OGDEN, Utah (KSTU) — A Utah man’s passion project is gaining popularity, turning old coolers into warm, insulated spaces for feral cats to take refuge this winter.
“Normally the cooler keeps things cold. We’re going to use it to keep animals warm,” Philip Rogich said with a smile.
It’s a do-it-yourself project that only takes five minutes, a little elbow grease and a few cheap supplies.
“I actually have a 6-inch drill bit and then once you drill the hole you just use some pipe insulation to pad it,” he said as he pointed to a small opening in the lower right-hand corner of an old cooler.
Pulling out his drill and materials, he starts with an old cooler.
“Everybody’s got a cooler in their garage that they’re not using,” Philip said.
Holding it steady, he drills down through the first layer of plastic, a layer of Styrofoam and then a final layer of plastic.

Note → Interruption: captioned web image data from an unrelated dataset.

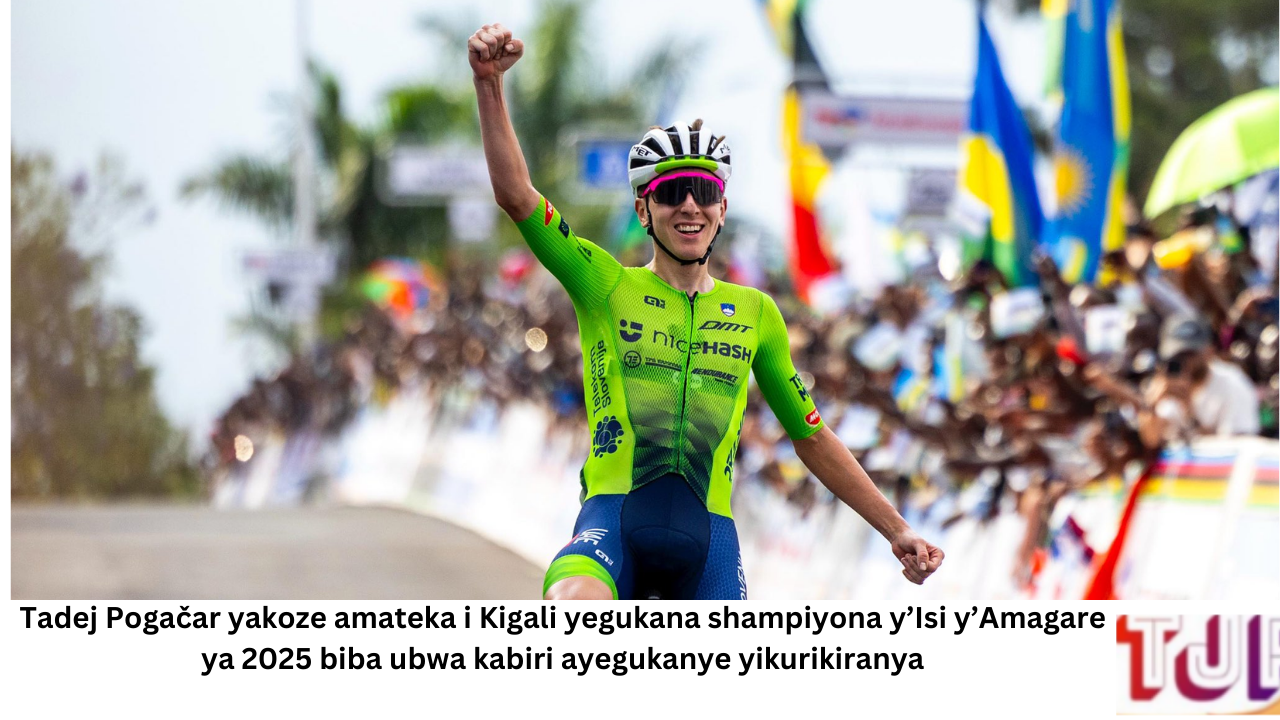 Tadej Pogačar yakoze amateka i Kigali yegukana shampiyona y’Isi y’Amagare ya 2025 biba ubwa kabiri ayegukanye yikurikiranya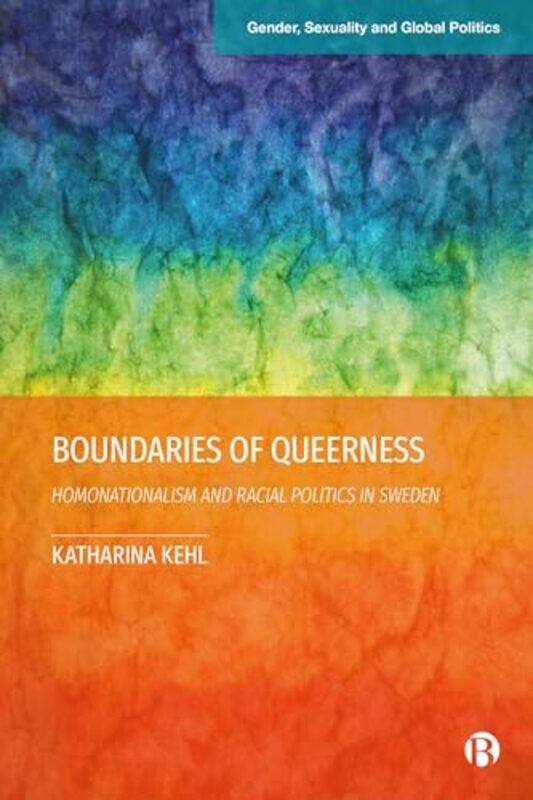 

Boundaries of Queerness by Gerald The Chinese University of Hong Kong China Nelson-Hardcover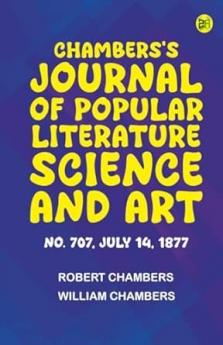 Chambers's Journal of Popular Literature Science and Art No. 707 July 14 1877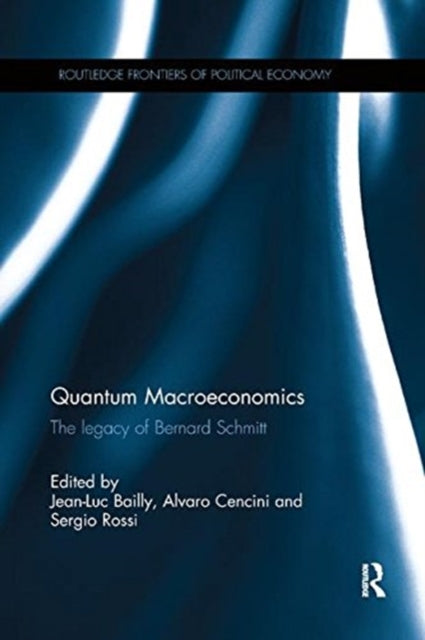Book cover of: Quantum Macroeconomics. By: Jean-Luc Bailly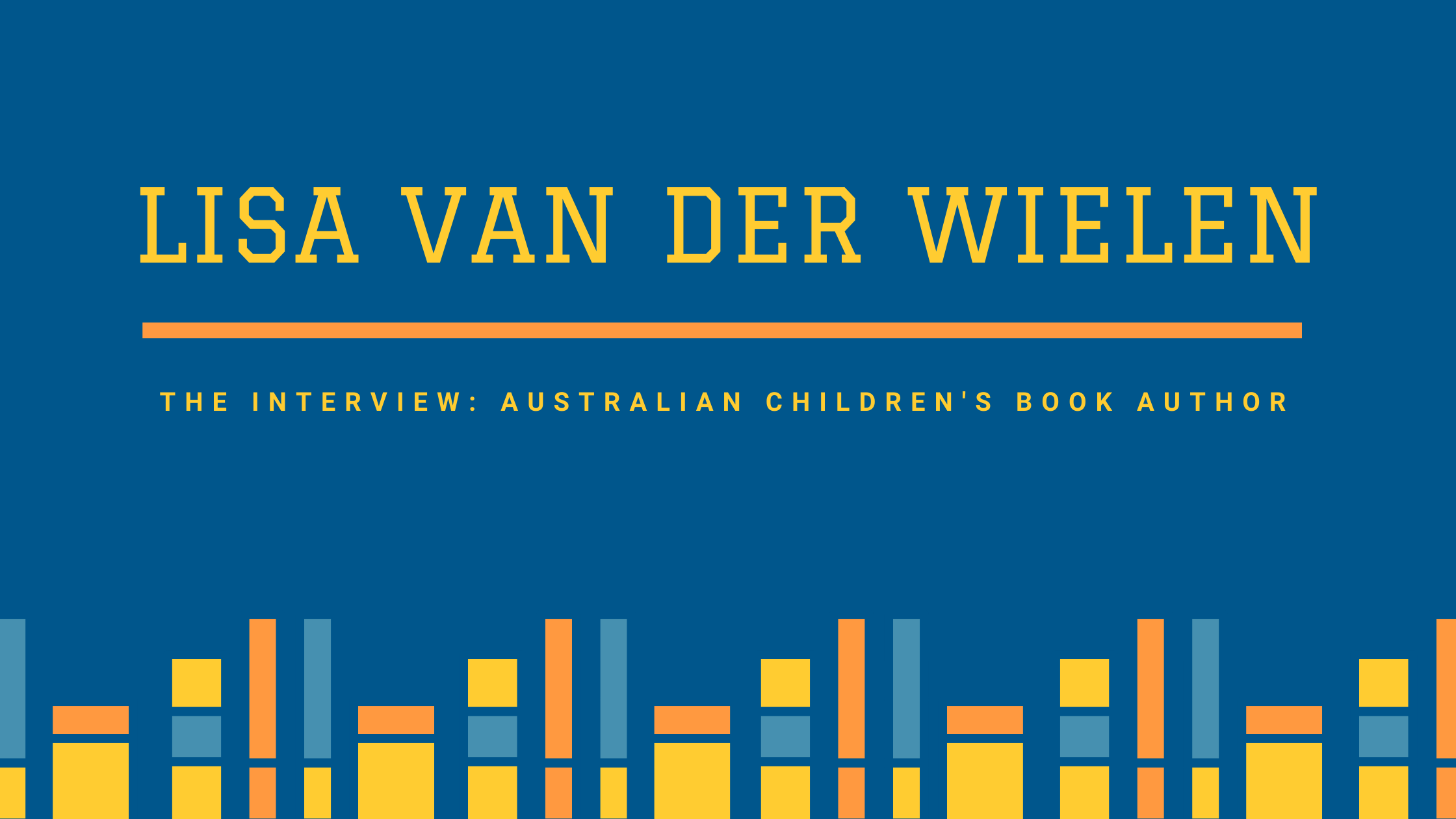Rising Australian Children's Book Author Lisa Van Der Wielen: The Interview  - C T Mitchell Books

“I use three-quarter-inch pipe insulation,” he said as he lined the fresh opening with the adhesive-backed foam.
“And then on the inside you just use straw,” Philip said as he pulled straw from one cooler to his now finished project. “Straw has been used for hundreds of years as bedding for animals and that’s because it has the ability to dry out.”
Just like that, his project is complete.
“And there you go! A cat cooler!” he said as he shut the lid. “Two or three cats could fit in a cooler this size!”
Already, Philip has placed a few of these ‘cat pads’ around the Riverdale and Ogden communities — providing a safe, warm place for feral felines to take refuge this winter.
“[Feral cats] just disappear, get overlooked,” he said. “They get cold in the wintertime too.”
For Philip, it’s more than a passion project, it’s an act of humanity.
“They’re living creatures… to me, living creatures, they deserve to have their basic needs met,” Philip said.
A few furry customers have already used the coolers, but he hopes more will continue to step out of the bushes and into a new home.
“I’m giving them a second chance, one way or another,” he said.
Philip said people are starting to notice his project — several have already offered to donate old coolers and straw. Savers, a local thrift store, also told Philip he could have any unsold coolers at the end of the season.